Data in this exercise:
- - -

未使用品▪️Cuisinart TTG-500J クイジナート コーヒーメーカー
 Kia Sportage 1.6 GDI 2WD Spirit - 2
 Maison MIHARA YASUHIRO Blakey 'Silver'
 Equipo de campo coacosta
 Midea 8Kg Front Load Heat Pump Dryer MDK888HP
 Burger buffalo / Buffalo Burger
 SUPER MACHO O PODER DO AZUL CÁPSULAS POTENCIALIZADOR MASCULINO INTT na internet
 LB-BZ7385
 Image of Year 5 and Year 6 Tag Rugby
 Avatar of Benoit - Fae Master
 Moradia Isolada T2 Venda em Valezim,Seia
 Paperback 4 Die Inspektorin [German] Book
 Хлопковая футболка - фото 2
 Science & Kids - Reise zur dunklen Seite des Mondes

- - -

Task requirements: Could you retype all of the material word for word?

Output:
未使用品▪️Cuisinart TTG-500J クイジナート コーヒーメーカー
 Kia Sportage 1.6 GDI 2WD Spirit - 2
 Maison MIHARA YASUHIRO Blakey 'Silver'
 Equipo de campo coacosta
 Midea 8Kg Front Load Heat Pump Dryer MDK888HP
 Burger buffalo / Buffalo Burger
 SUPER MACHO O PODER DO AZUL CÁPSULAS POTENCIALIZADOR MASCULINO INTT na internet
 LB-BZ7385
 Image of Year 5 and Year 6 Tag Rugby
 Avatar of Benoit - Fae Master
 Moradia Isolada T2 Venda em Valezim,Seia
 Paperback 4 Die Inspektorin [German] Book
 Хлопковая футболка - фото 2
 Science & Kids - Reise zur dunklen Seite des Mondes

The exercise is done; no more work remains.